Le plus souvent, cela passe, cela glisse, c’est un « sava » rapide, sans intérêt, on répond immédiatement, comme par réflexe, comme une demande d’excuse. On répond « touvabien », « oui », on renvoie comme un miroir, le « sava » où l’interrogation est passée en exclamation, suivie d’un « etoi » qui ne préoccupe pas non plus de la réponse. Ce serait comme serrer une main sans sentir la sueur, ni le gras ni la mollesse, ni le désir de domination.

L’intonation de l’interrogation, un bref arrêt, presque, laisse un vide, suscite une attente, le corps de l’autre s’arrête, se tourne, s’ouvre. Une injonction est là, elle est douce, rien ne l’arrête. On est retourné vers le dedans, on est devenu celui qui pose la question. Le plus souvent, on arrive à ne pas glisser, à se sauver de soi-même. Cela n’entame par le corps, c’est une petite griffe, une douleur brève, l’orteil qui cogne contre un pied de table. Une réponse acceptable, un « sava  » lent, accompagné d’une ou deux phrases, est accommodée.
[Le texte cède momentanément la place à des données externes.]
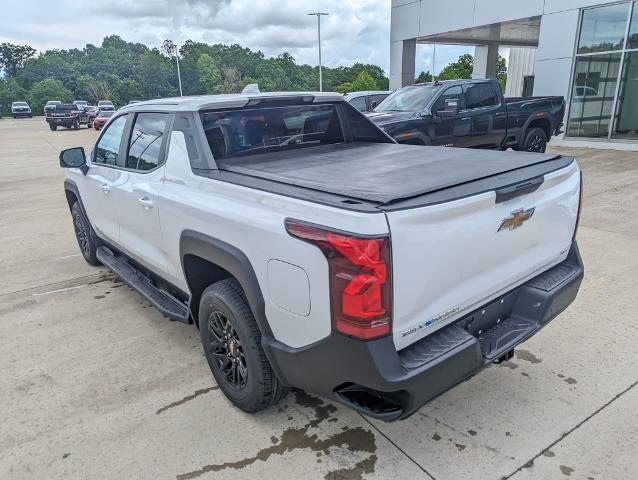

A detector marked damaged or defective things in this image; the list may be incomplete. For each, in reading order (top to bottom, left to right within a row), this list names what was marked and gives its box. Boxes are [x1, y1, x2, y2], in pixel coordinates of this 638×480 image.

cracked pavement [1, 118, 638, 478]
Ce n’est même pas le ton, ce n’est même pas le rythme, c’est le « sava  »  qui suppose que ça ne va pas, le « sava  » qui suit un regard attentif, pénétrant. Il y a eu examen, diagnostic. Le spécialiste d’un coup d’œil sait, comme un voyant. Celui qui pose les questions veut votre bien, prêt à vous aider, à vous conseiller des conseils précieux. Je connais quelqu’un. Tu devrais. Aller. Faire. Arrêter. Sisyphe doit lâcher prise. Le mineur de fond doit prendre le soleil. C’est une question de début d’interrogatoire. Votre culpabilité est certaine. Il faut inventer, se livrer partiellement, les idées sont là, elles foisonnent. En lâcher quelques-unes. Mais ce qu’on a dit sans trop y penser devient vrai, « savapas » .

« savabien dans votre tête » le médecin aux armées chargé de l’examen des vaccins dit cela tout d’un coup, sans hésitation, par surprise. Pensées en cascade. Est-ce qu’il m’a démasqué ? est-ce qu’il sait ce que je ne sais pas de moi ? Que répondre ? Feindre l’étonnement, donner du grain à moudre, pour faire diversion ? Répondre comme si de rien n’était, comme si la question n’avait rien d’incongru ? Mais alors peut-être est-ce accepter le jeu de la folie ?

Elle arrive avec amour, tout l’amour possible, une lame de fond, « savadanstavi » . Les convenances ne sont d’aucun secours. On a toute sa vie devant soi. À plat. Sans demain. Le mur du désastre. Nulle faille. On est dans l’heure où les choses sont pesées. Il n’y a plus qu’à partir.